== Instructions for the task ==
Provide again, from the entries below, every line from the one containing "Pottery Pots bloempot" through the one containing "Over 70 articles", exactly as written, and no other line.

=== Information provided ===

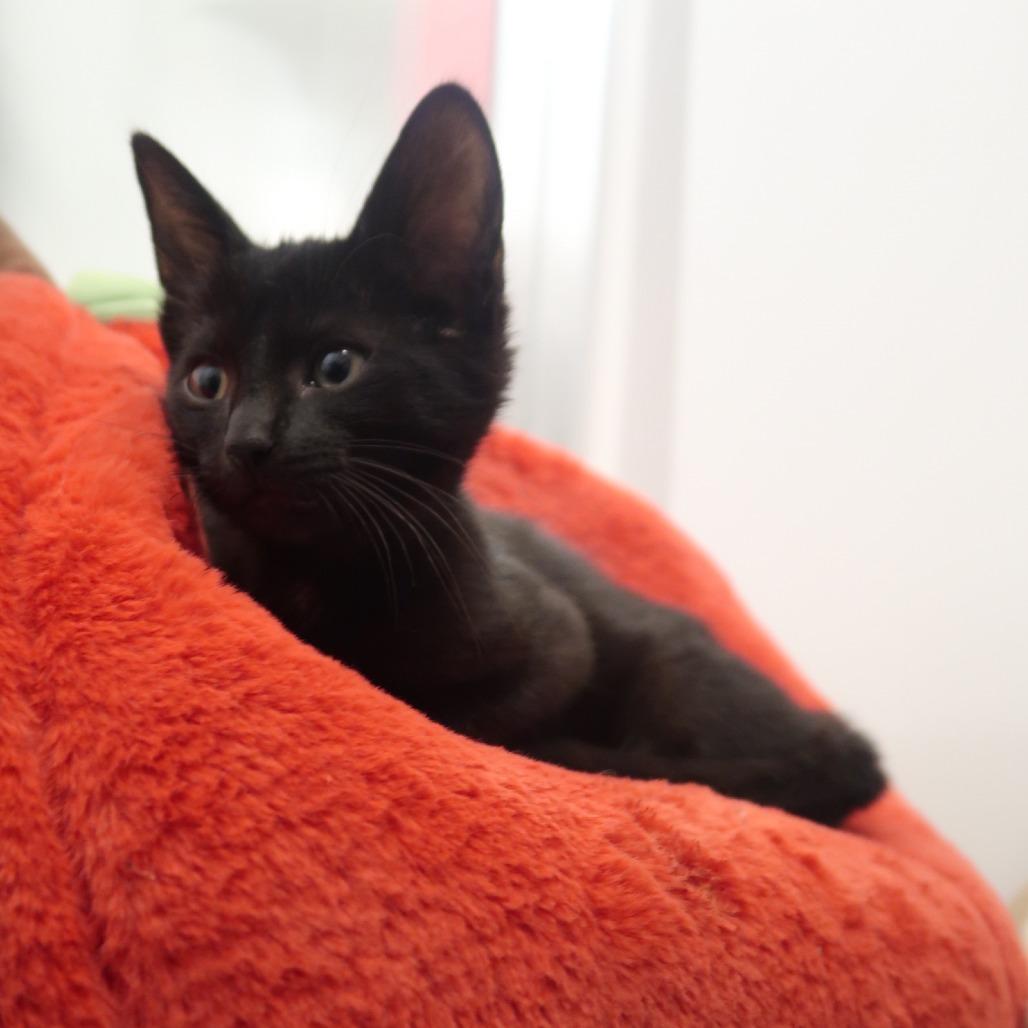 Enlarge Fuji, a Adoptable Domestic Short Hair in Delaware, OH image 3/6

===
=== Information provided ===

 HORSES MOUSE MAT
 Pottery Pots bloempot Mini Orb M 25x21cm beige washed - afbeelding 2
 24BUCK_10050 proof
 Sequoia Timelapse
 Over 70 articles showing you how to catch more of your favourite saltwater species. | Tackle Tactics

===
=== Information provided ===

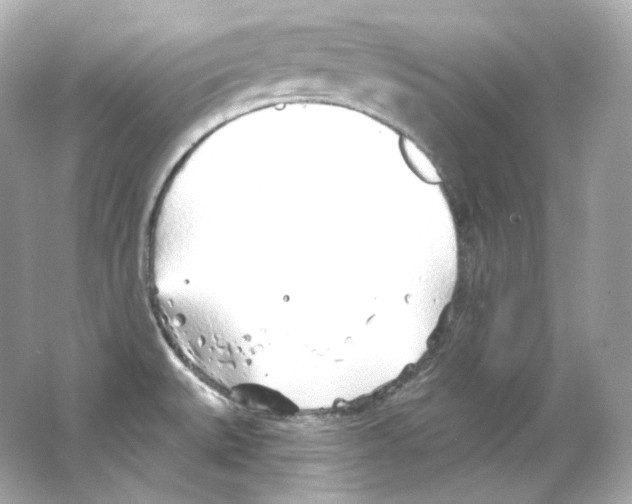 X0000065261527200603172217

===

== Output below ==
 Pottery Pots bloempot Mini Orb M 25x21cm beige washed - afbeelding 2
 24BUCK_10050 proof
 Sequoia Timelapse
 Over 70 articles showing you how to catch more of your favourite saltwater species. | Tackle Tactics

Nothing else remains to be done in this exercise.